Murder on the Ridge

Description

240 pages
$19.95
ISBN 1-55074-892-1
DDC jC813'.6

Publisher

Year

2006

Contributor

Reviewed by Dave Jenkinson

Dave Jenkinson is a professor in the Faculty of Education at the University of Manitoba and the author of the “Portraits” section of Emergency Librarian.

Review

Murder on the Ridge is narrated from the perspective of 13-year-old Will
Samson, who lives just outside Grayson, Alberta, a small white community
adjacent to a Blackfoot reserve. The novel continues the story of racism
introduced in Across the Steel River (2001) and extended by A Dirty Deed
(2003). Now late August 1952, the plot resumes the storyline involving
Old Man Howe and the marriage of Howe’s daughter, Emma, to Wilfred
Black (“Wolfleg”), a Blackfoot. Murder on the Ridge reminds readers
that Howe, in return for Wolfleg’s World War I military enlistment,
had given him title to some land. Wolfleg was killed during the Battle
of Vimy Ridge. Catface, Wolfleg’s 16-year-old grandson, shows his two
closest friends, Will and Arthur, an anonymous letter Emma had received
that suggested Wolfleg had actually been murdered. The youthful trio
want to solve the crime; the “evidence” resides in the past in
France.

With mixed success, Stenhouse uses the device of a sweat lodge to take
Will and Arthur back to April 9, 1917, where they witness Wolfleg being
fatally shot immediately after he saves a man’s life.

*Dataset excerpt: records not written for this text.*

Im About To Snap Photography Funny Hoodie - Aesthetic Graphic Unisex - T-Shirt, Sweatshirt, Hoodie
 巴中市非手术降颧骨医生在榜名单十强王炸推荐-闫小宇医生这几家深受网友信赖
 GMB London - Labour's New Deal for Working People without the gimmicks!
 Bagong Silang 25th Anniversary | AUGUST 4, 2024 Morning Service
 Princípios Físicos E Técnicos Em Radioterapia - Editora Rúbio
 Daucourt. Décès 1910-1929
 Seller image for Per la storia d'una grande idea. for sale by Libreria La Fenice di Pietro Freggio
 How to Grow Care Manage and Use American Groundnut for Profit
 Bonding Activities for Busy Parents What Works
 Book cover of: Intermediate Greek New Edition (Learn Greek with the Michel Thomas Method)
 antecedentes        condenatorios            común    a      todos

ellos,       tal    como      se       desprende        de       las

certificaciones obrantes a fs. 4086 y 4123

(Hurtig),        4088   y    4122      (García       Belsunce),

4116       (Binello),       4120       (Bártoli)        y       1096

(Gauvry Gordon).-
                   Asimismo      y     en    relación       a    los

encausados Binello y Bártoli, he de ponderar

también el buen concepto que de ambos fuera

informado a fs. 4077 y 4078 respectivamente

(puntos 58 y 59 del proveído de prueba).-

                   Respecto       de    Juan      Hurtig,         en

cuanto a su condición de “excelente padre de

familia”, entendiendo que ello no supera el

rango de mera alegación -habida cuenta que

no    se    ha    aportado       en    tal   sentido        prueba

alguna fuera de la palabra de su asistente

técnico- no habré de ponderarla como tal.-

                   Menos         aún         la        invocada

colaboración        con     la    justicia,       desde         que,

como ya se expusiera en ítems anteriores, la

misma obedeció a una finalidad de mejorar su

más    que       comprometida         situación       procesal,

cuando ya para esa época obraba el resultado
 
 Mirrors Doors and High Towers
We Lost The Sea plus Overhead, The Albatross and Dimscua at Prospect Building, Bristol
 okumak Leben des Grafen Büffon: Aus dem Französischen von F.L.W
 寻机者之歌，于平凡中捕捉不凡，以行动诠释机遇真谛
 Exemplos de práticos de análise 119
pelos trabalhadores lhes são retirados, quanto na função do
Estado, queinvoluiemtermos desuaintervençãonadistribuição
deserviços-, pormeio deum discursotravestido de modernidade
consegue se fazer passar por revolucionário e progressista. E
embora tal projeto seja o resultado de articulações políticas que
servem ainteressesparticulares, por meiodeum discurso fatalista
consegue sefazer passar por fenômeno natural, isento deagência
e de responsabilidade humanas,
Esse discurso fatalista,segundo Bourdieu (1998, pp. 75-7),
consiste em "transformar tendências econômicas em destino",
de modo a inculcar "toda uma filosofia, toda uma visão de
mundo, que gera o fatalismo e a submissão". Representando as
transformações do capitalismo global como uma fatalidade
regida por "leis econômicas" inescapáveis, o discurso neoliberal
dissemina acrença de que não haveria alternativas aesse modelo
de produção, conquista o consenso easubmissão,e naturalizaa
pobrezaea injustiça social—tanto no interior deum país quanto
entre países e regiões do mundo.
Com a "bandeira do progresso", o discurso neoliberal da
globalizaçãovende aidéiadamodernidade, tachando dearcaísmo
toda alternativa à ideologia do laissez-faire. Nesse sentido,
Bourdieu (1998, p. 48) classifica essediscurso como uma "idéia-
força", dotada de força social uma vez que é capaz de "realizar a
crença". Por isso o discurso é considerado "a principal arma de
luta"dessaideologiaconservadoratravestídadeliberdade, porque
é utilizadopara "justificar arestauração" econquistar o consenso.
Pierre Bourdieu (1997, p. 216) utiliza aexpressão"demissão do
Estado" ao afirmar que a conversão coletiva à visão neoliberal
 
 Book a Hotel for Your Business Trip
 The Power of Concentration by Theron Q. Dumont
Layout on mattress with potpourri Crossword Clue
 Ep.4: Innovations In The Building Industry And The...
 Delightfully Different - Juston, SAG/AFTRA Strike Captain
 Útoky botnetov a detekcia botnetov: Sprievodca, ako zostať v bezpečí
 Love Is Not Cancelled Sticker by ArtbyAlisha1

As both Pots,
the killer, and Joe Warren, the survivor, still reside in Grayson, the
boys intend to use their knowledge to get one of them to confess and
implicate Howe.

Murder on the Ridge can function as a stand-alone read, but those
familiar with the contents of the two previous books will have enriched
understandings of character relationships and motivations. Recommended.